Den Gegner ausgeguckt

Der FC Südtirol gewinnt gegen Reggiana 3:1. Trainer Valente und sein Team haben die Schwächen des Gegners perfekt analysiert und die richtigen Schlüsse gezogen: Standardsituationen und intensives Verteidigen waren der Schlüssel zum Erfolg
Federico Valente vor dem Spiel gegen Reggiana
Foto: Ufficio Stampa FCS - Foto Bordoni
  • Zwei Niederlagen, vier Gegentore und nur ein erzieltes Tor. Das war die Bilanz des FC Südtirol vor der Länderspielpause am letzten Wochenende. Eine Bilanz, die erst einmal aufschrecken lässt. Denn eigentlich schien der FC Südtirol defensiv gefestigt, eigentlich schien die Offensive zu Saisonauftakt ihre Durchschlagskraft zurückgewonnen zu haben. Eigentlich. Denn Valentes Mannschaft ließ in diesen beiden Spielen vor der Länderspielpause vor allem eines vermissen: die Intensität. Die ist Grundvoraussetzung für effektives Pressing (= Defensivarbeit), aber auch unbedingt notwendig für erfolgreiche Offensivaktionen. 

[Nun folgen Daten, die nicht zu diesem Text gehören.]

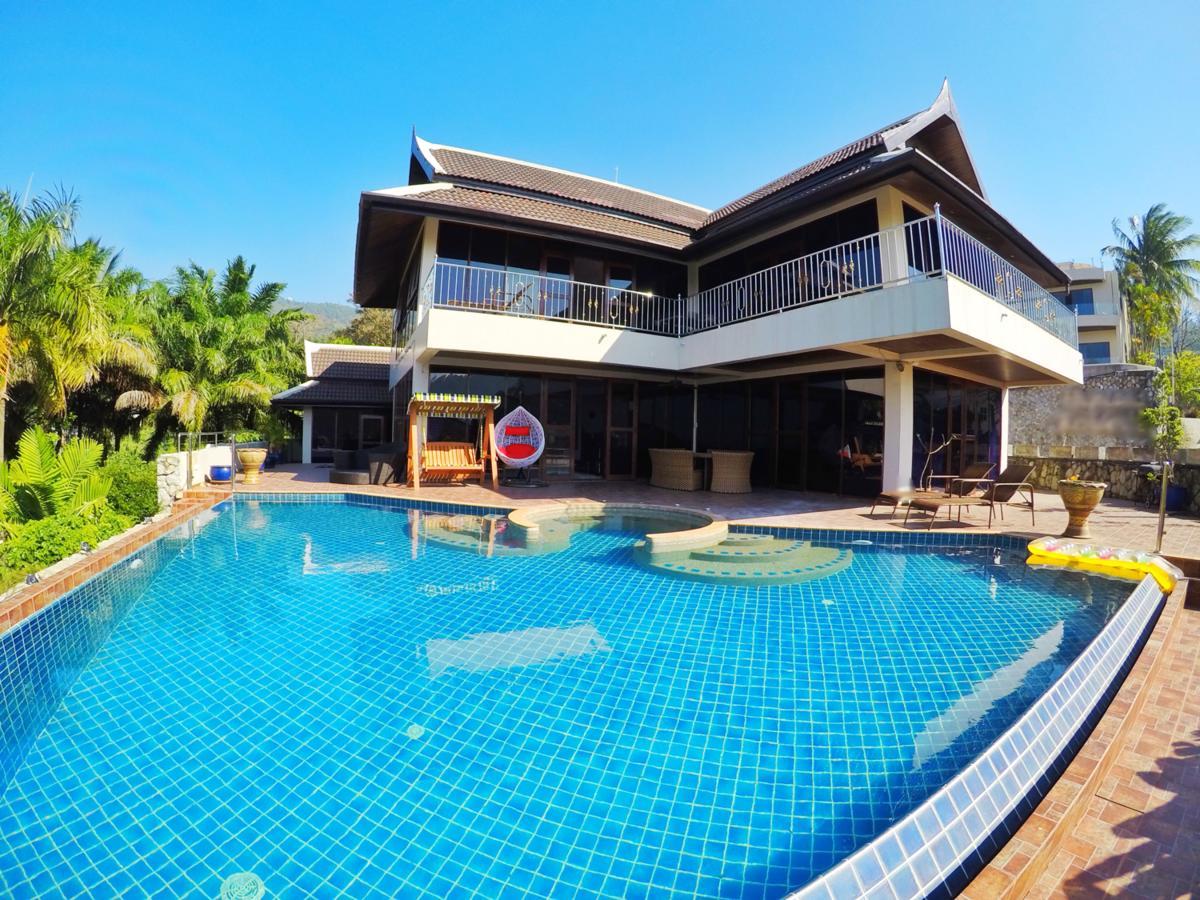 Happy Holidays Luxury Pool Villa Patong Luaran gambar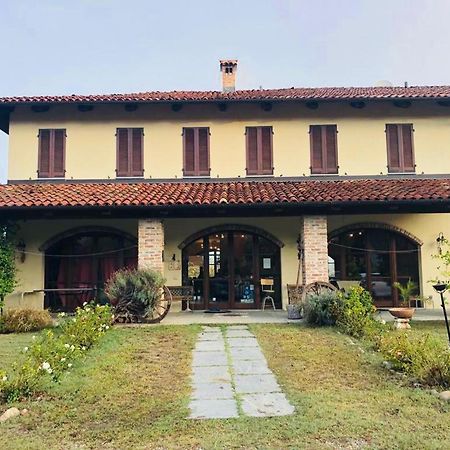 La Madonnina Agriturismo Dore Alba  Exterior photo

  • Die Grundausrichtung Südtirols: Altbewährtes und Altbekanntes

    So setzte Valente gegen Reggiana wieder auf altbewährtes: Tiefes Mittelfeldpressing, den Gegner nach außen leiten und kompakt verschieben. Vorne diente Raphael Odogwu als Relay Station, als Anspieloption, um (meist lange) Bälle festzumachen und zu halten, damit seine Mitspieler nachrücken konnten. 3-4-2-1, das defensiv häufig zum 5-4-1 wurde. Odogwu kümmerte sich um den gegnerischen Sechser, Leo Štulac, der sich vor der eigenen Abwehr bewegte, um das Spiel aufzubauen.

    Der FCS hatte zwar zu Beginn einige längere Ballbesitzphasen, dabei offenbarten sich allerdings die bekannten Probleme: Wichtige Zonen wurden nicht besetzt, die Mannschaft war quasi zweigeteilt – das kennen wir ja inzwischen. Und so kam es den Gästen gut gelegen, dass sie durch ein Traumtor von Molina früh in Führung gehen konnten. Effektives Spiel mit dem Ball war nicht mehr unbedingt erforderlich, jetzt musste Reggiana mehr fürs Spiel tun – Südtirol konnte noch tiefer verteidigen und auf seine Chancen warten. 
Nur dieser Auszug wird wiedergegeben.